Pfc. Bradley Manning got a dishonorable discharge at his sentencing, but he received it with an honorable disposition.
When the judge read out the young soldier's 35-year sentence Wednesday morning for giving classified information to WikiLeaks, family members wept and supporters cried out, "We are with you! You are a hero!"
But Manning, 25, whisked quickly from the room after the brief sentencing, was philosophical. "It's
OK. It's all right,'" he told his attorney, Lt. Col. David Coombs, who was in tears over his client's fate. "I'm going to be OK. I'm going to get through this."
Manning was bound for prison at Fort Leavenworth, but Coombs, free to speak his mind at the end of the three-year legal saga, held a news conference at a nearby hotel in the afternoon and read a statement from Manning to President Obama requesting a pardon.

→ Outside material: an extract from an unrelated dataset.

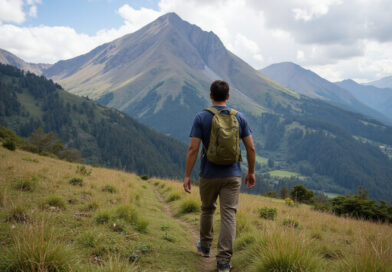 Backpacker trekking on Arcopata Trek in Peru's mountains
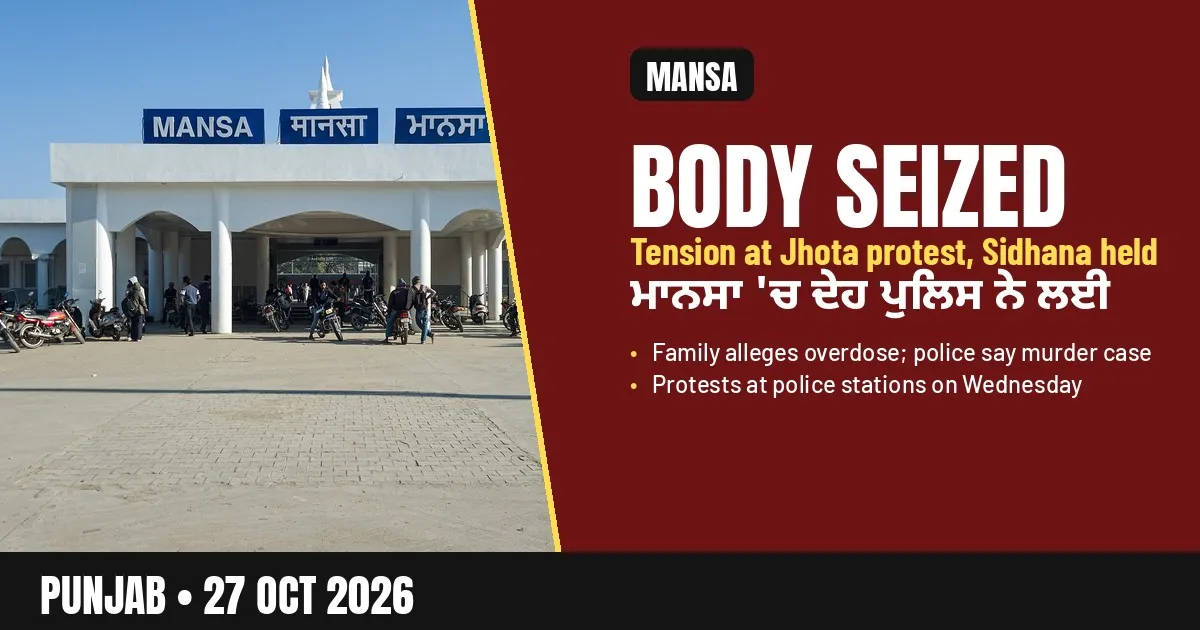 Breaking-news poster: Mansa tension as police seize body headed to Jhota protest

"I understand that my actions violated the law. I regret if my actions hurt anyone or harmed the United States," the statement said. "When I chose to disclose classified information, I did so out of a love for my country and a sense of duty to others. If you deny my request for a pardon, I will serve my time knowing that sometimes you have to pay a heavy price to live in a free society. I will gladly pay that price if it means we could have a country that is truly conceived in liberty."
Manning's dignity is a good model for Edward Snowden, the National Security Agency leaker now hiding from American justice in Russia. Manning admitted what he had done, and he used his trial and its conclusion to argue for the righteousness of his cause. That cause was artfully described by Coombs, who, with the shaved head of a military man and the business suit of a civilian lawyer, stood before 20 TV cameras and took as many questions as reporters could ask.
"Under the current administration, an unauthorized leak to the media of classified information is viewed as being tantamount to aiding the enemy," a capital offense, Coombs said. "The government-wide crackdown on whistle-blowers and the extension of this crackdown to journalists threatens to stifle the flow of information that is vital to our public."